Alors bien sûr, ça fait que c’est compliqué de travailler avec d’autres personnes. Ça veut dire que je vais faire au moins les phases principales de l’animation tout seul. Mais comme j’adore dessiner…
Je me rend compte d’une chose, c’est que le cinéma d’animation est extraordinaire, la palette du langage est extrêmement vaste dans l’animation. C’est génial ! Quand on regarde les courts-métrages d’animation, on voit que cette palette est employée à plein. Il y a une grande liberté visuelle et narrative dans les courts-métrages. Que l’on ne retrouve plus du tout dans les longs-métrages. Le langage cinématographique des longs-métrages est en gros un langage de prises de vues réelles, et c’est même bien souvent un langage de prises de vues réelles un peu pauvre, très classique en fait.
Et ça, qu’on aille chercher du côté de Disney, de Miyazaki… Alors il y a quelques contres-exemples bien sûr. Je pense d’ailleurs que Takahata est un très bon contre-exemple.
On m’évoque souvent la parenté qu’il peut y avoir entre La Jeune Fille Sans Mains et Le Conte de la Princesse Kaguya, dans l’approche de l’animation.

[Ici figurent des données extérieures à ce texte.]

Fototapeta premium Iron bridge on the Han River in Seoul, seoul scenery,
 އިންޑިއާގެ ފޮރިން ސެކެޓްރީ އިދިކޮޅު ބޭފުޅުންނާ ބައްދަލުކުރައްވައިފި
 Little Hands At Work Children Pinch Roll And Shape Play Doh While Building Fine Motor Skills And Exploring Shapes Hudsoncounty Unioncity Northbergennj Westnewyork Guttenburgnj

En particulier cette séquence au cours de laquelle la princesse s’enfuit, qu’elle court.
Extrait du Conte de la Princesse Kaguya, d’Isao TakahataEn fait j’ai vu Kaguya alors que j’étais en train de faire ce film, donc il était déjà largement commencé, mais c’est sûr que La Jeune Fille Sans Mains répond de ce travail.
Takahata, c’est un défricheur, c’est quelqu’un qui cherche, qui se remet tout le temps en question. C’est pour ça que c’est pour moi un très grand réalisateur. Il ne se repose jamais sur quelque chose d’acquis. Alors j’adore les Miyazaki également (rires). Mais Takahata possède ce côté chercheur qui me parle davantage.
Donc voilà, je me demande pourquoi les longs-métrages d’animation ont un langage qui doit se réduire à de la prise de vue réelle, même si c’est bien fait ou maîtrisé.
Je pense qu’on doit utiliser tout ce que l’animation nous permet d’utiliser. Sachant qu’elle a une grosse carence intrinsèque, c’est qu’il n’y a pas d’êtres humains, pas de visages. Et que la puissance d’une expression, d’un regard, d’un souffle, et d’une émotion qui passent en un instant sur un visage, on ne l’a pas en animation. Mais c’est une erreur grave que d’essayer de la reproduire.
C’est la même problématique que l’on retrouve actuellement en jeu vidéo. Ça ne fonctionne pas, parce que ce ne sont pas des êtres humains. Alors ça peut éventuellement fonctionner si l’on est très très proche de la représentation humaine de façon très photo-réaliste, mais quel est l’intérêt ? Alors qu’il y a un vrai intérêt en animation à justement s’éloigner du réel.
C’est pour ça qu’il y a des films de McLaren qui m’émeuvent. Par exemple, Synchromy est un film qui m’émeut, alors que c’est un film purement abstrait, mais avec une animation très forte, très puissante.
Cette distance avec le réel nous permet d’en parler, mais d’une autre manière. C’est vraiment pour moi la force de l’animation.